▶ [WHAT YOU WILL DO]: What you return should match the data below exactly, line for line.

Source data
________________________________________
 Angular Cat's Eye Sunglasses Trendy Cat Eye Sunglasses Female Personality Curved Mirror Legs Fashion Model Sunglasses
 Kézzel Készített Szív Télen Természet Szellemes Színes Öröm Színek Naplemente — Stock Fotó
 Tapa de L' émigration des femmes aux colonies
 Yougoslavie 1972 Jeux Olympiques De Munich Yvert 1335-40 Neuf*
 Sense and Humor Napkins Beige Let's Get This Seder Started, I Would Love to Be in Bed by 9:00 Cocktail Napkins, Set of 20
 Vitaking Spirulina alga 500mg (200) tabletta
________________________________________
▶ [SOLUTION FOR THIS EXERCISE]:
 Angular Cat's Eye Sunglasses Trendy Cat Eye Sunglasses Female Personality Curved Mirror Legs Fashion Model Sunglasses
 Kézzel Készített Szív Télen Természet Szellemes Színes Öröm Színek Naplemente — Stock Fotó
 Tapa de L' émigration des femmes aux colonies
 Yougoslavie 1972 Jeux Olympiques De Munich Yvert 1335-40 Neuf*
 Sense and Humor Napkins Beige Let's Get This Seder Started, I Would Love to Be in Bed by 9:00 Cocktail Napkins, Set of 20
 Vitaking Spirulina alga 500mg (200) tabletta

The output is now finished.